SBJ/June 4 - 10, 2001/No Topic Name

Virginia, Portland state their cases for bases

Two markets are pressing their case as the best destination for a troubled Major League Baseball team looking for a new home.

Supporters of baseball in northern Virginia released a study last week that concluded there would be little impact on the neighboring Baltimore Orioles if a team were located there.

At the same time, Portland baseball backers hosted MLB consultant Cory Busch for two days as he continued his research on which markets are the best sites for a franchise.

Even though baseball is talking about dissolving several troubled franchises, and three of the last four expansion teams have not fared as well as expected, the contenders feel baseball can succeed in their market.

"There are concerns, but when you compare, this market is so much larger," said Gabe Paul, executive director of the Virginia Baseball Authority. "It wouldn't be a mistake locating a club here."

The Oregon Baseball Campaign's Lynn Lashbrook said baseball would benefit from the lack of major professional sports options in the largest U.S. city without an MLB team. Supporters there contend that Portland's 23,000-seat PGE Park is a suitable home until a new ballpark can be built.

"Portland, with only the [NBA] Trail Blazers and as the 22nd-largest market, is the most underserved community in America sports-wise," Lashbrook said. "With a half-dozen struggling franchises on its hands, baseball and these struggling teams are not going to turn down a perfect interim stadium and a new ballpark being built."

There are other contenders. The Hampton Roads-Newport News area of Virginia is expected to release a study in the next month showing whether its corporate community could support a major pro franchise.

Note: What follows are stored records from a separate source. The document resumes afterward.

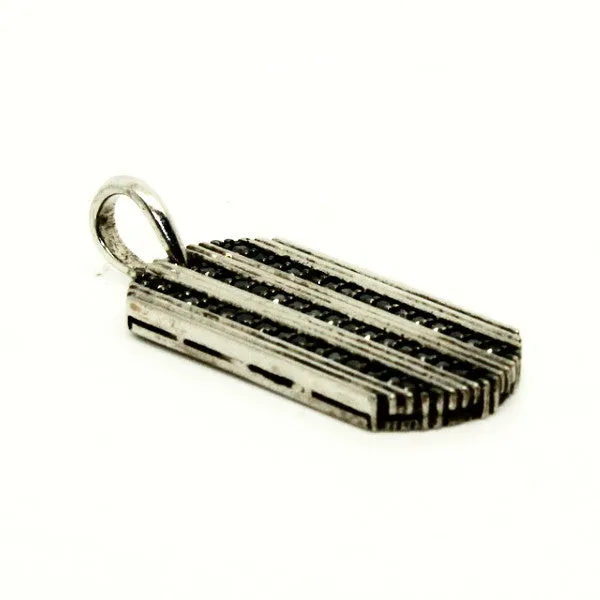 Black Diamond Dog Tag Silver Pendant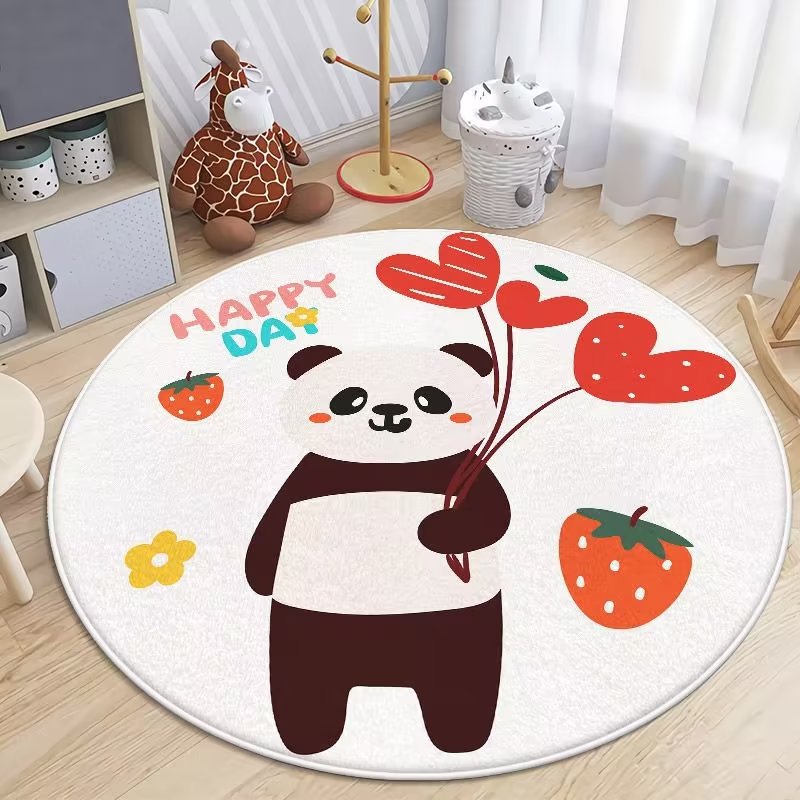 Round Cute Cartoon Carpet Cashmere-like Mat Children Crawling Mat Bedroom Bedside Carpet Living Room Coffee Table Pad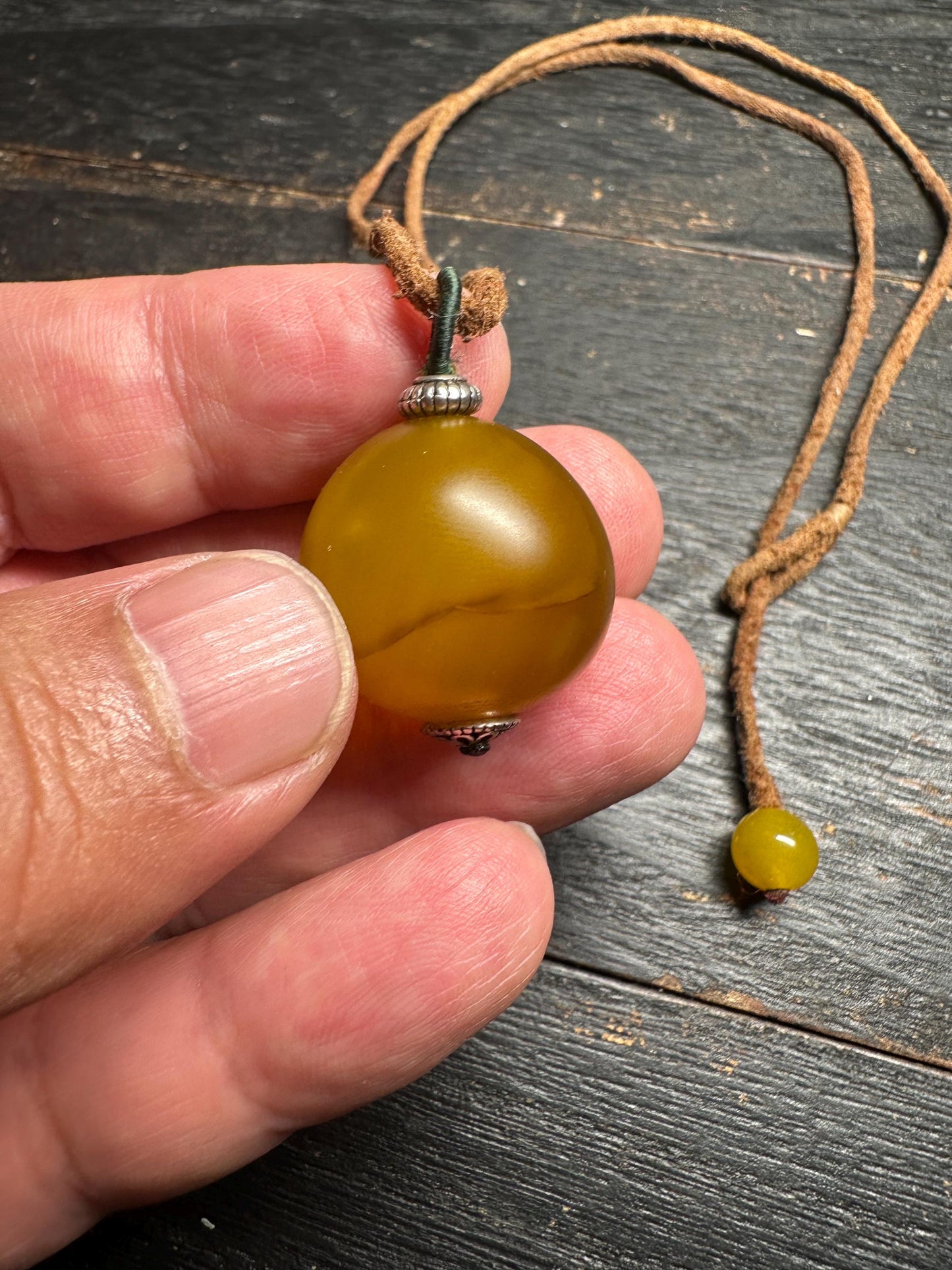 Rustic Yellow Agate Necklace: Boho Ethnic Leather Jewelry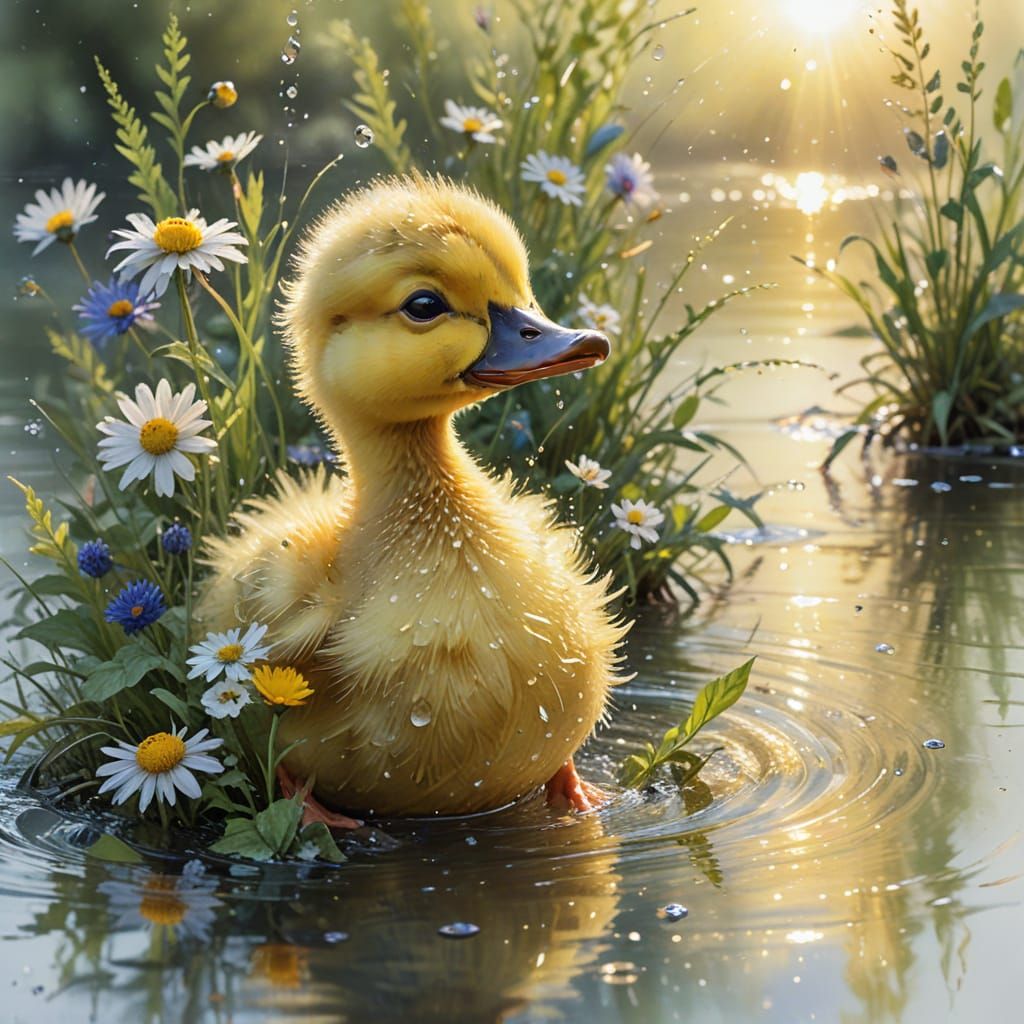 Duckling Paddling in Sunlit River Garden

In California, the city of Santa Clara is studying the economic feasibility of luring the Oakland A's, who are seeking a new venue in the affluent Silicon Valley when their lease at the Network Associates Coliseum expires after 2004.

An A's move to Santa Clara or San Jose, however, would be opposed by the San Francisco Giants, who say surveys show that 30 percent of their fans come from that area, a figure the A's counter is more than double the real number.

The Orioles, who have been an attendance juggernaut since Camden Yards opened in 1992, have opposed franchises in northern Virginia or Washington, D.C., on the grounds that the competition would hurt their bottom line.

Paul said he believed the northern Virginia study debunked that fear. The report, which cost $175,000 to compile, found that the Orioles draw 13 percent of their fans from the northern Virginia-Washington market area. While not an insignificant number, it is far less than the 22 percent that the Orioles claim.

The study further found that the Orioles' sponsorship and advertising revenues would only be marginally affected, while media revenues might actually rise because of competition between local regional sports networks.

"Our only problem has been the perception that Baltimore would be forever hurt if a club returned to the area," Paul said. "This [study] backs what we've been saying."

The Orioles, however, do not appear to be swayed. Public relations director Bill Stetka has noted the difference in the survey's number with the team's own poll. He also told one newspaper that the lower number also could be construed as a sign that "northern Virginia is not ready for Major League Baseball."